• [Your assignment] Give back the lines of the entries below exactly as written, from the first line to the line holding "Hi, today I'm", both included, with the pictures omitted.

Stored data:

%%

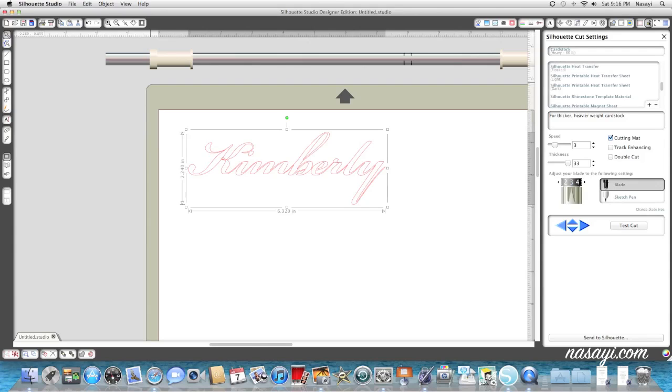So I hope this video helped some of you who were asking or wondering how to weld letters. Let me know if you have any questions. Thanks for watching.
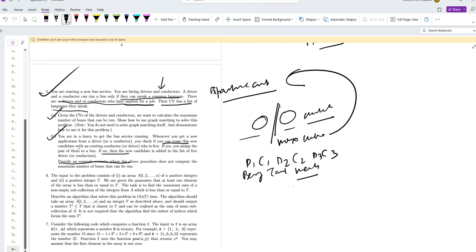C1 and D2 know only Tamil. Then C2 and D3 know Malayalam. C3 only knows Bengali.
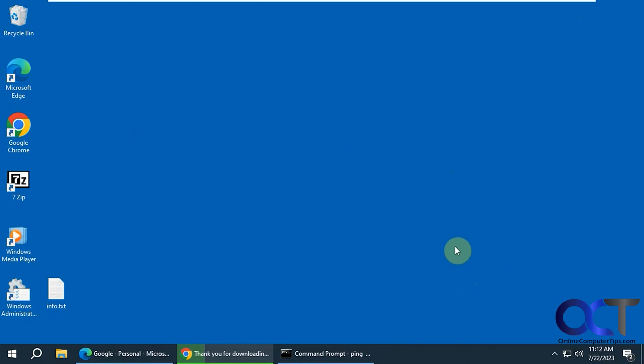I will put a link in the description where you could download the taskbar monitor and try it out for yourself. All right, thanks for watching and be sure to subscribe.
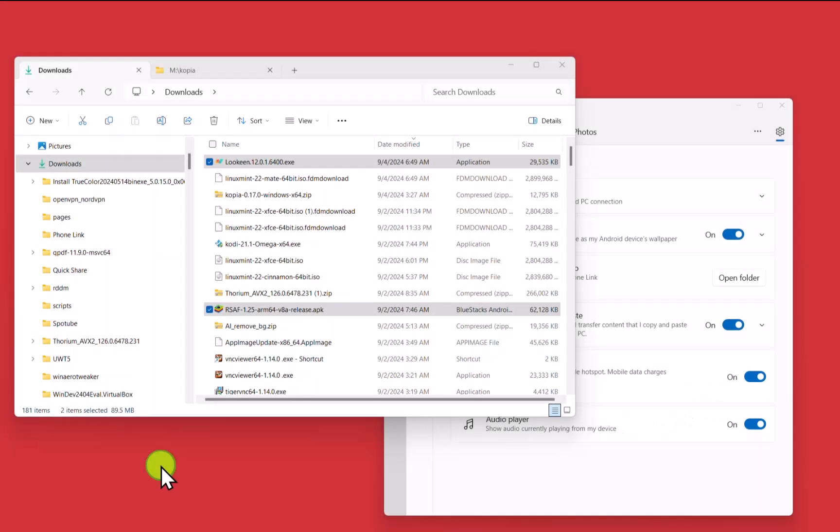Hi, today I'm going to show you a new way to transfer files between your phone and your PC using Microsoft Windows Phone Link instead of having to use either a cable or a third-party program.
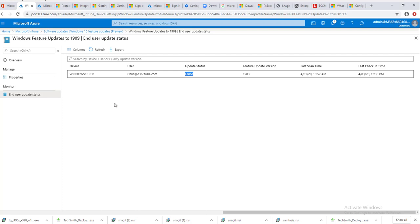That's it. That's how you deploy Windows 10 feature updates in Intune. Thank you for watching. If you have any questions, feel free to put them in the comment section and have a great day.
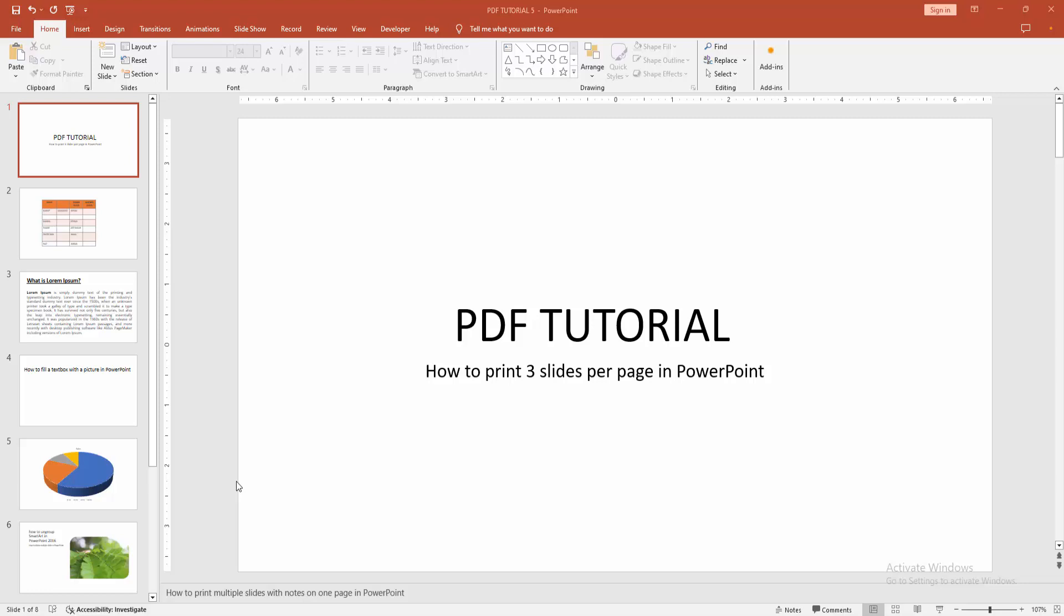In this video, I am going to show you how to print 3 slides per page in PowerPoint. Let's get started.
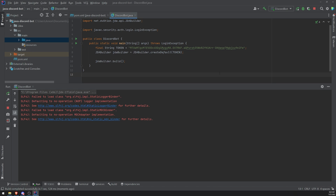We're going to end the video right here. In the next video, I'm going to teach you all how to listen to events — for example, whenever the bot is logged in, we may want to print some kind of message to the console. I'll also show you how to handle message events, and then we'll get into working with slash commands, adding roles to users, and all the basic stuff. Hopefully you all enjoyed it. If you need additional help, I have a Discord server — the link is in the description. Thank you so much for watching and I will see you all in the next episode. Peace out.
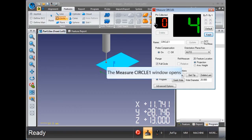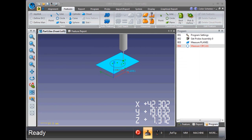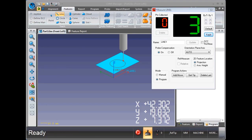Measure a four-point circle. Make sure you are in the program mode. Measure a three-point line. Again, make sure you are in program mode.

%%

• [The completed task]
So I hope this video helped some of you who were asking or wondering how to weld letters. Let me know if you have any questions. Thanks for watching.
C1 and D2 know only Tamil. Then C2 and D3 know Malayalam. C3 only knows Bengali.
I will put a link in the description where you could download the taskbar monitor and try it out for yourself. All right, thanks for watching and be sure to subscribe.
Hi, today I'm going to show you a new way to transfer files between your phone and your PC using Microsoft Windows Phone Link instead of having to use either a cable or a third-party program.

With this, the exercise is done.